The exec said that Microsoft’s future PC core offering will be part of a whole range of games designed to ensure the entire spectrum of PC gamers is catered for.
“I think you need to go where your audience is,” he said. “Think of it as a barrier to entry. So, there’s a cost barrier to entry, there’s a hardware requirement barrier to entry. Using web games as an example, think about that funnel, from very, very casual to core MMO players. How do you bring your customers into a funnel, into a relationship with a company and then give them lots of different product offerings?
“If they want to go deeper into that funnel, we’ve got a good option.”
“There’ll be more announcements”
Luehmann confirmed that Microsoft’s commitment to PC as a gaming platform is ongoing, following on from a set of gamescom announcements related to the firm’s PC games.
Microsoft announced Age of Empires Online and Microsoft Flight earlier this month. Fable III has also been confirmed for PC.
“There’ll be more announcements, there’ll be more products over the next 24 months, as there have been rolling up to now,” said the boss.

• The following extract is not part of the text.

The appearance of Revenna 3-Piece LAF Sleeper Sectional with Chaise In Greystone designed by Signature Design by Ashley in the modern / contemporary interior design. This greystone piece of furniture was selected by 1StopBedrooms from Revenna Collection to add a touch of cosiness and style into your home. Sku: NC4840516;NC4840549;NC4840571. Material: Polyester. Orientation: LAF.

“We don’t have specific titles that we’re talking about, but there’s more in the development queue than you’ve seen.”
Microsoft may be working on at least one core title, but its thinking to PC gaming in general has changed significantly. Luehmann said that Age of Empires Online in particular – with its connected features, persistence and more casual aesthetic – signified a new approach.
“A $50 product, then two years later another $50 product and maybe an expansion? I think that needs to change,” he said.
“I think that’s a business that’s been successful, and it can still be successful – certainly retail’s still a very valid part of everything that we’re doing – but you can divide that up in a bunch of different ways. You can see micro-transaction games, you can see macro-transaction games: we’re going to experiment.
“We’re going to try to push that model forward and try new ideas, and I think that’s first-party’s job.”
He did say “core MMO players,” right?